My face is old I have a X I like to hold
You can do the same things you did when you were young when you are old. Everybody knows you can do what you want now. Everybody knows you can wear what you want now when you are old now. Everybody knows that age is just a number.
You can keep your hair really long, and if someone is looking at you from the back or from the side and they are waiting for you to turn around, and you turn around, they might look shocked to see your old face swivelling within your long shiny hair, but that’s no reason to cut it.
I’M still doing THESE things:
Eating candy cigarettes*, drinking Coke, sitting on the edge of pavements in the sun with my feet on the road, underlining in books with pencil**, drawing hearts without thinking, keeping change in my socks, feeling happy to receive free stickers.
When I was young I could write whole paragraphs in black marker on the back of the toilet door at the ICA but now I would be embarrassed to do that, I wouldn’t be drunk enough to do that. But you can write a small message on a wall or a groyne. In a tunnel just now, I saw the same boys’ names that I wrote underneath a slide in 1999. Then I saw: LIFE IS GOOD, HOPE IS REAL and I can tell you that will have been written by an older type of person.
*I’m not yet SMOKING REAL ONES, though when I’m older, when I get to the point when it stops making sense to abstain, I will.
** Similarly, I will switch to pen in books when I’m older.
The End
I felt like I should help stack the chairs, like everyone else, so I started helping stack the chairs. After a couple of minutes I noticed I was enjoying myself. I felt like I’d had Fanta, but I hadn’t. I felt like I was chewing gum. I loved the feeling of stacking chairs. I loved it physically and I loved it mentally. I decided I’d try to do it more often. I’d get faster, learn more tricks. I’d learn what was too many, what was too high. When people had events, they’d contact me to help them, but just at the end, when it was all over. Of course, that was why I liked it, because it happened at the end, when everything was over.
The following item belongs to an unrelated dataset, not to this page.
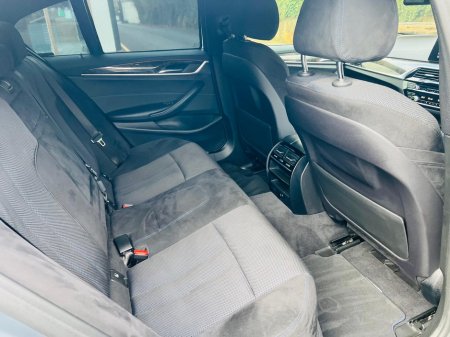 2018 BMW 5-Series - photo 12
When I stopped drinking I started getting the feeling I was waiting, to be called by a cherub, blowing a trumpet, to gather at some giant airport car park. It had been a recurring dream as a child and it was about to happen IRL, I thought. In the dream, I could never get there on time using my tiny tricycle, but now I was an adult and I was sober, I dreamed I’d get there first.
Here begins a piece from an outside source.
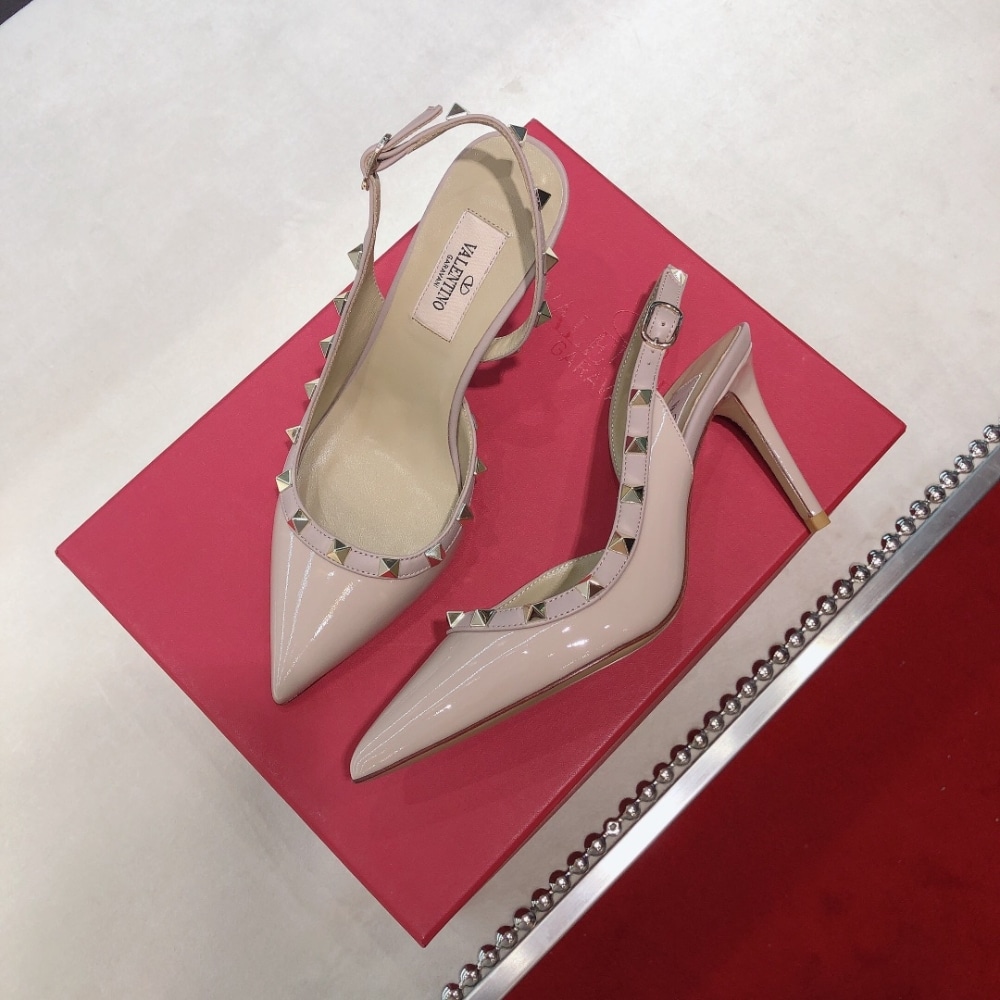 Valentino Garavani Rockstud Slingback Pump Patent Leather Beige 85mm - Image 3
All the human beings would be there, and nobody would be able to swap brains, and no brains would be hooked out of ears, no blancmange used as a foil.
Did you judge someone based on their appearance? Did you change your mind about somebody when you found out they were popular? Did you call someone Potty? Did you eat salt for money?
I found my CD of the choirboy. He was grown on this cover but it still made me feel the same. I looked at his hair, I looked in the mirror, I pressed play, stacked two kitchen chairs, and I waited.